> **INPUT**
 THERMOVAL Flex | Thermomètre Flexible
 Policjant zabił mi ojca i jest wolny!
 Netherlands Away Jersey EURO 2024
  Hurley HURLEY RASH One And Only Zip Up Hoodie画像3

...

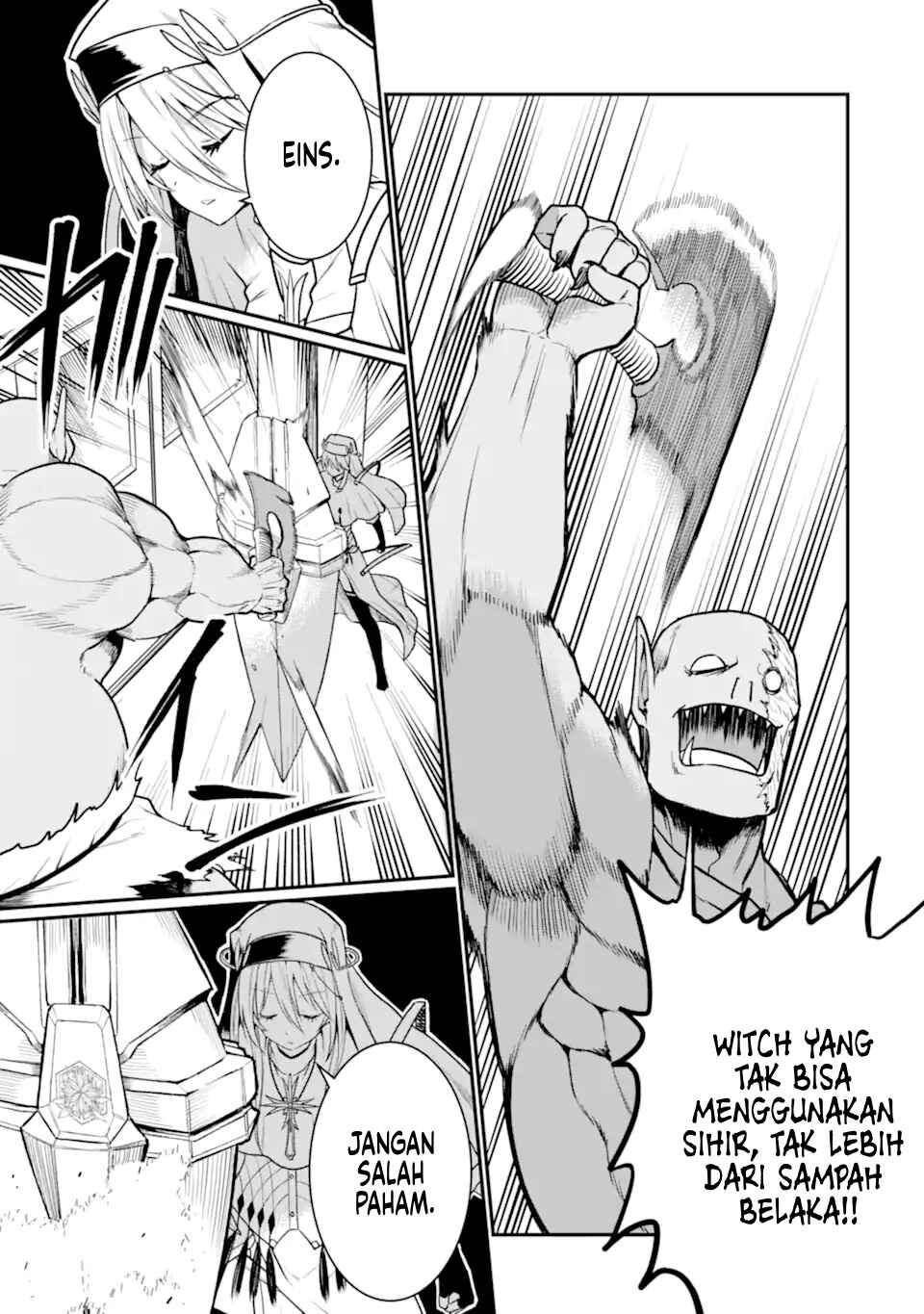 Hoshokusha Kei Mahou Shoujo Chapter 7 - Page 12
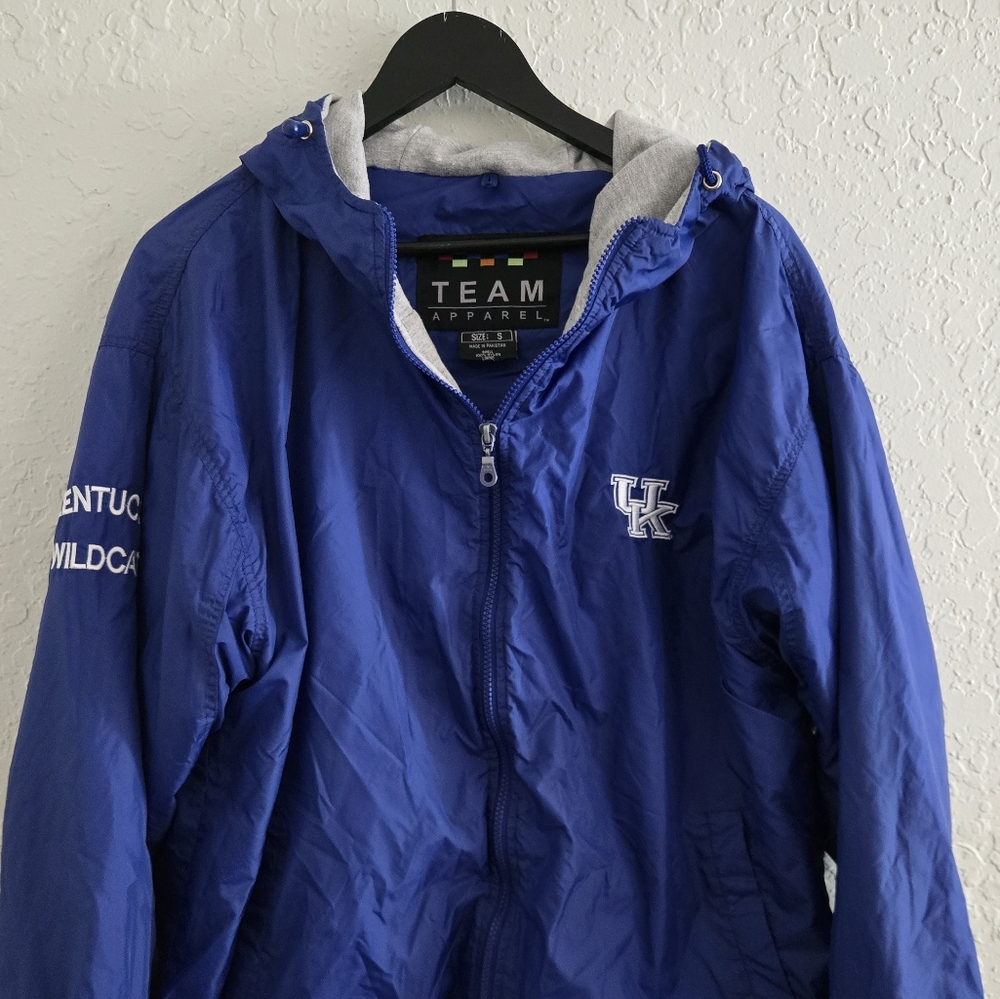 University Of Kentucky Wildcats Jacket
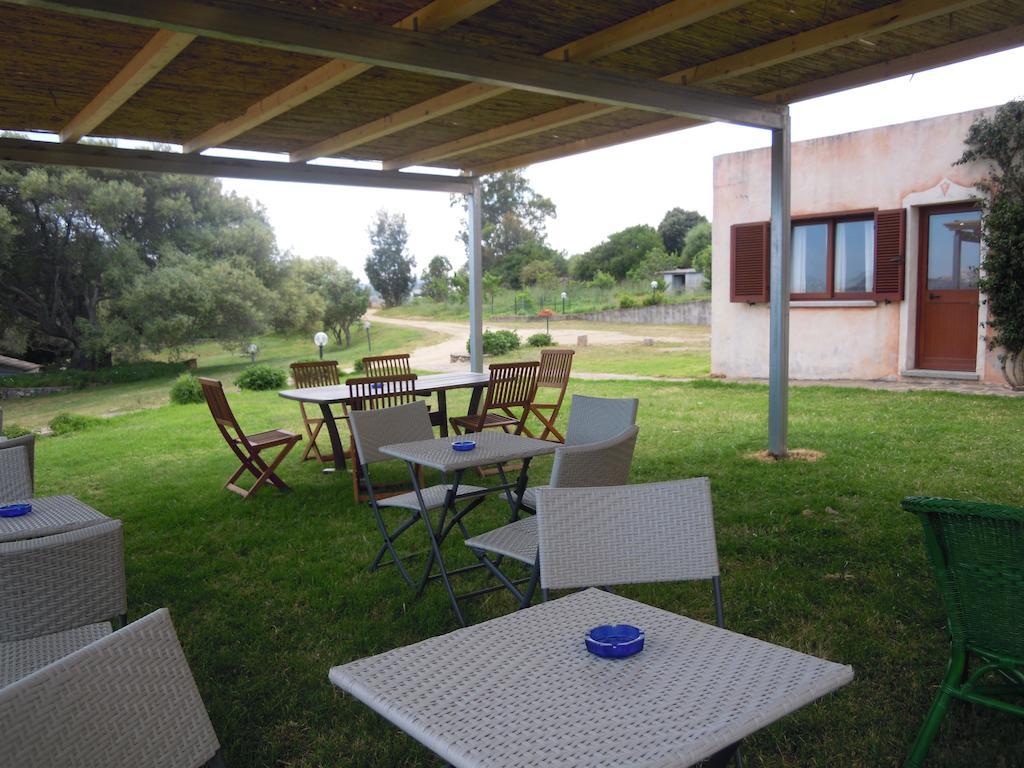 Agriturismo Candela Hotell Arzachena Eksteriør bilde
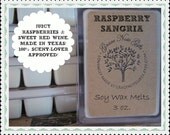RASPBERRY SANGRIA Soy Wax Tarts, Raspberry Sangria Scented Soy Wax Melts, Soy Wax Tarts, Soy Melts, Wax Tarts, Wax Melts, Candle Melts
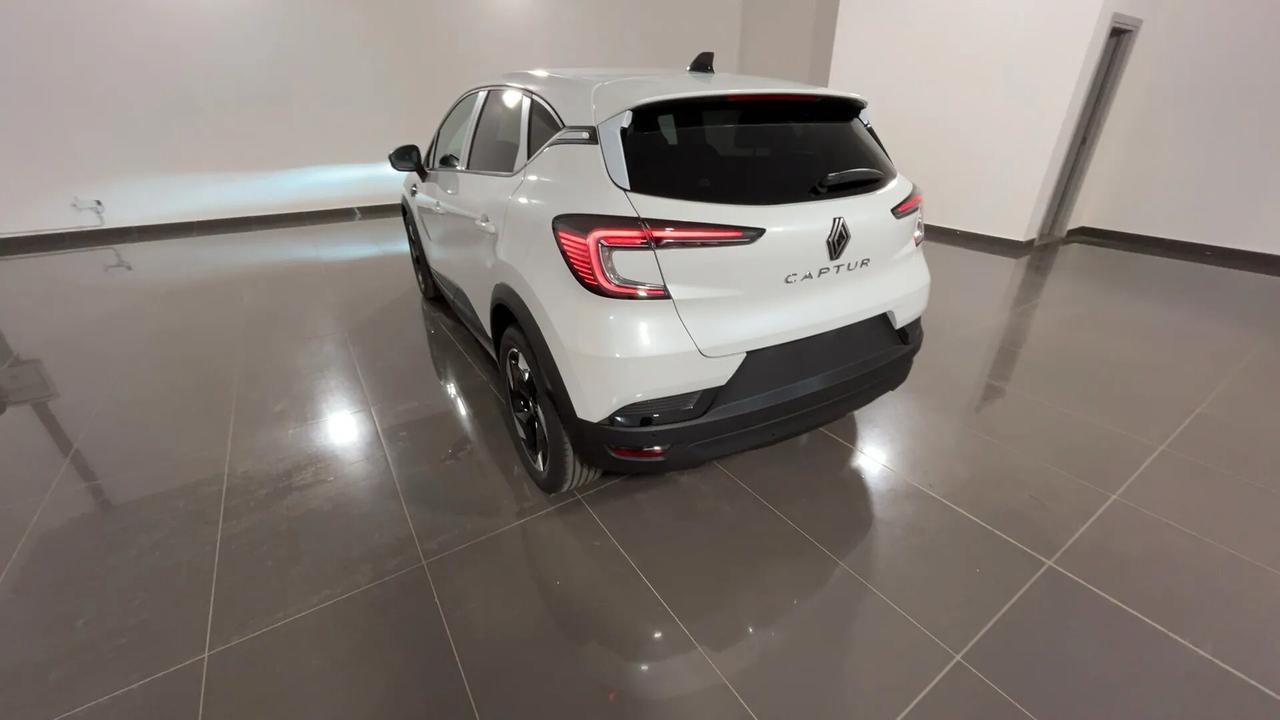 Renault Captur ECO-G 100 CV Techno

==

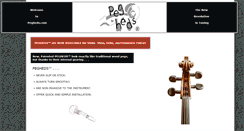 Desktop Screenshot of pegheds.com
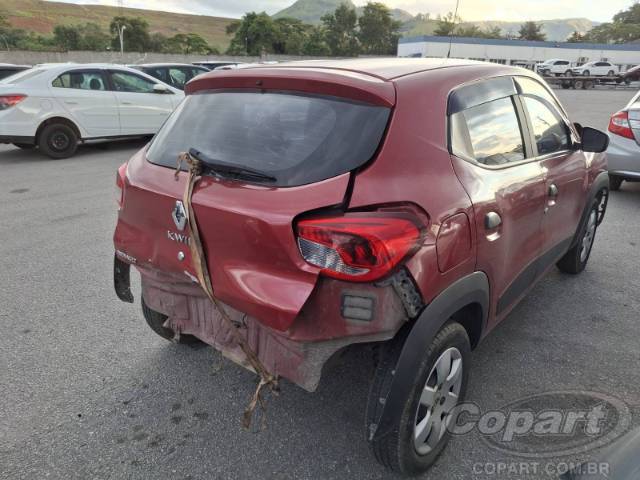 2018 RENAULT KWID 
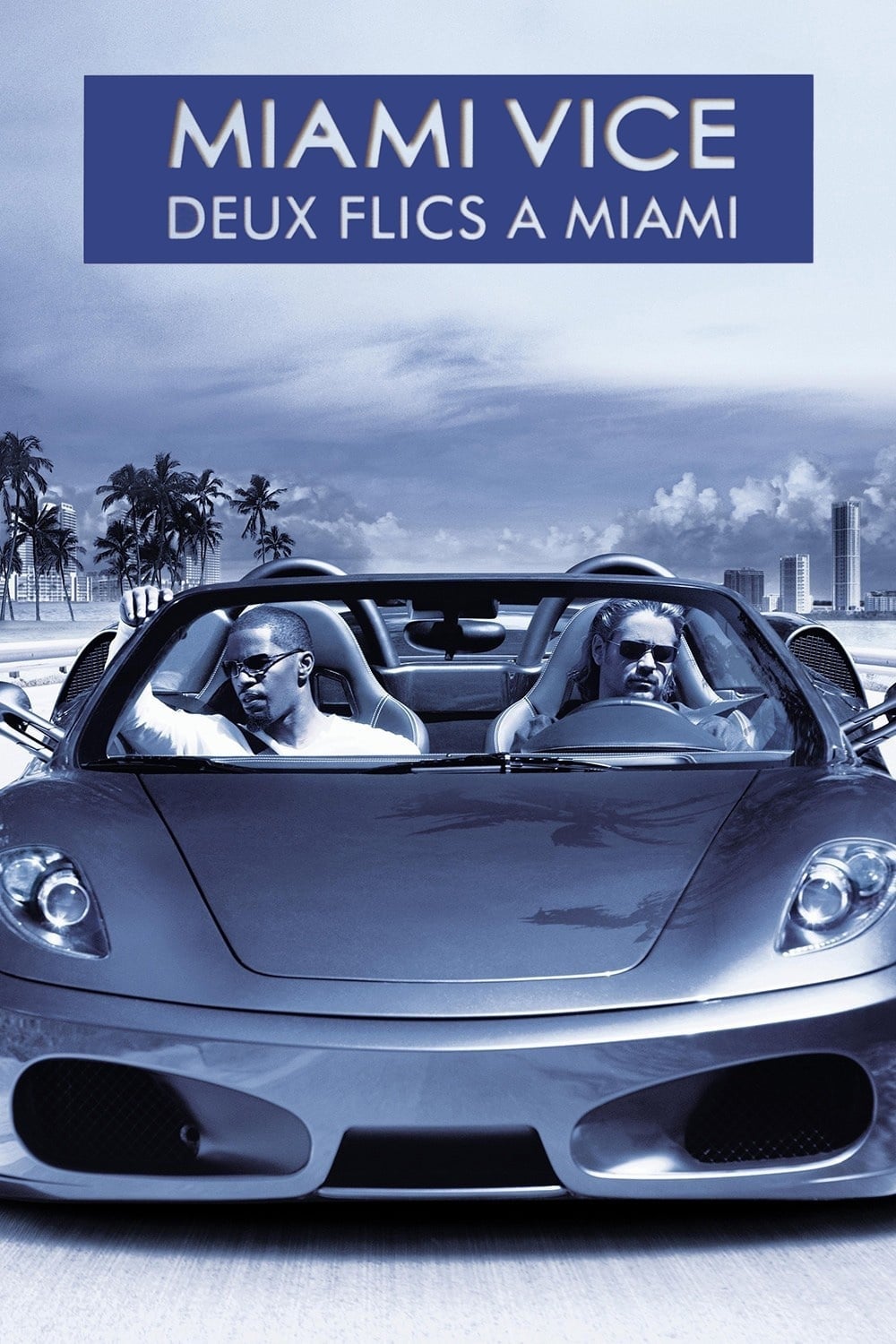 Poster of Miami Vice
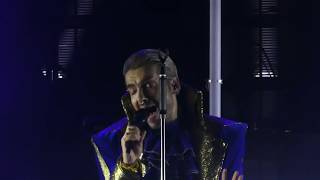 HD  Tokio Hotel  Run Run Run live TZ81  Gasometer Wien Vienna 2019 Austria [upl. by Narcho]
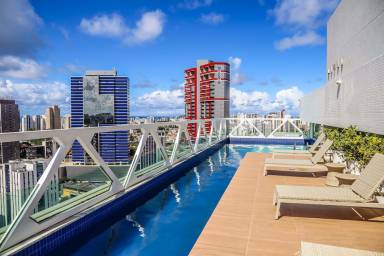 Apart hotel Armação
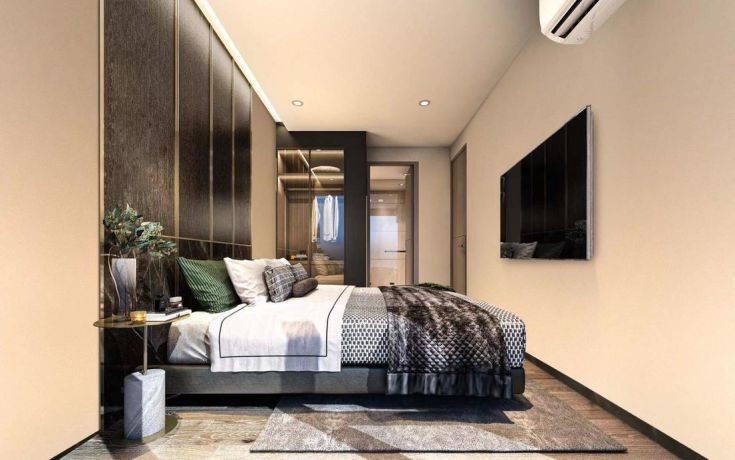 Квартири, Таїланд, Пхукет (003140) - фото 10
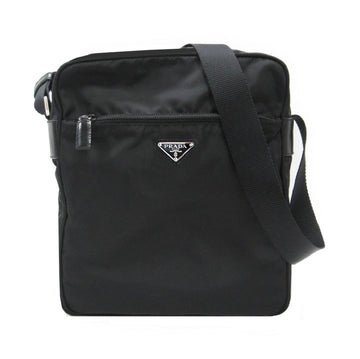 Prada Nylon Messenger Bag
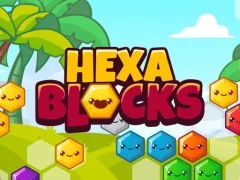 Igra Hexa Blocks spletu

> **WHAT TO DO**
In the listing above, locate the line with "THERMOVAL Flex | Thermomètre Flexible" and the line with "Hurley HURLEY RASH", then extract exactly those lines and every line between them, and nothing more.

> **YOUR SOLUTION**
 THERMOVAL Flex | Thermomètre Flexible
 Policjant zabił mi ojca i jest wolny!
 Netherlands Away Jersey EURO 2024
  Hurley HURLEY RASH One And Only Zip Up Hoodie画像3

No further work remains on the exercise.